- _Given records_
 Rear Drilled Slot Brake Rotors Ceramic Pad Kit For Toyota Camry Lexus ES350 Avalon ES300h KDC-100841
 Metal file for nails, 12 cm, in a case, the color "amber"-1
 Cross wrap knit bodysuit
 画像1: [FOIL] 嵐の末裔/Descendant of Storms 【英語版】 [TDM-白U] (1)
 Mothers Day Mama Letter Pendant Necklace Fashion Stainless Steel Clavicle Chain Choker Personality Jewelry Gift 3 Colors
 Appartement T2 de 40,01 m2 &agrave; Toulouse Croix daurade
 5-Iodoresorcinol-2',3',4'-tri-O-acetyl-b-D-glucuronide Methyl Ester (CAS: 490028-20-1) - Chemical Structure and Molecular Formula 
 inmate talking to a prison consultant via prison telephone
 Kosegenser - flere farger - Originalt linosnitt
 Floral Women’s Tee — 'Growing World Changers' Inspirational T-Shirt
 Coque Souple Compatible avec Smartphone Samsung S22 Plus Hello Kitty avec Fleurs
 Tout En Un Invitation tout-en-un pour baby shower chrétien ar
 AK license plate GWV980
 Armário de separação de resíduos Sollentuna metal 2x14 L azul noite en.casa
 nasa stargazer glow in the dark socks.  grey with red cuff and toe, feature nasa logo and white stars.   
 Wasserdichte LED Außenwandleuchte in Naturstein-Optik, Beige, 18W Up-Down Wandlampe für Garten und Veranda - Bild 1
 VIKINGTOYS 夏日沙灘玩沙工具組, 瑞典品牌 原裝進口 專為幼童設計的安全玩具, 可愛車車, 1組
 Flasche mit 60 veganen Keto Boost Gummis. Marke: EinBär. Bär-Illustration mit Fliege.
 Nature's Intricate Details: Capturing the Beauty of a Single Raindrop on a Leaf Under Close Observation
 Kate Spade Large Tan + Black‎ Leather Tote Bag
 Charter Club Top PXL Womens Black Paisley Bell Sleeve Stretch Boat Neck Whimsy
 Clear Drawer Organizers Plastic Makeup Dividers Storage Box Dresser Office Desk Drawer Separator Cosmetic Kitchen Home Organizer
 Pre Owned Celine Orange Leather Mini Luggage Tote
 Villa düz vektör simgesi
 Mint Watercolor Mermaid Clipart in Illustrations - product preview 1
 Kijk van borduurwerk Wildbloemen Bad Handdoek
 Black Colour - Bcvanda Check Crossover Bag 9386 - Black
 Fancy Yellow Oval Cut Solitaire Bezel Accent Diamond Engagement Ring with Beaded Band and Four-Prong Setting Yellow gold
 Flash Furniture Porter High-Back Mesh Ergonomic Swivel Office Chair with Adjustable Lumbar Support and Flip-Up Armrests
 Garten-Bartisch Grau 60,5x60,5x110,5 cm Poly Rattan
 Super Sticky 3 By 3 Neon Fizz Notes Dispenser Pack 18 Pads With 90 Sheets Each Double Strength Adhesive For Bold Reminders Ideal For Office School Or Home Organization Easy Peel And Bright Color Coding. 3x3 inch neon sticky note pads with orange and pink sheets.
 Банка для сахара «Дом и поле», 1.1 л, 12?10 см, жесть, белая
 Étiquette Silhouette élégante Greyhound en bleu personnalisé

- _Task statement_
From the records above, retype only the lines starting at the line that contains "Fancy Yellow Oval" and ending at the line that contains "Garten-Bartisch Grau 60,5x60,5x110,5", both included.

- _Written response_
 Fancy Yellow Oval Cut Solitaire Bezel Accent Diamond Engagement Ring with Beaded Band and Four-Prong Setting Yellow gold
 Flash Furniture Porter High-Back Mesh Ergonomic Swivel Office Chair with Adjustable Lumbar Support and Flip-Up Armrests
 Garten-Bartisch Grau 60,5x60,5x110,5 cm Poly Rattan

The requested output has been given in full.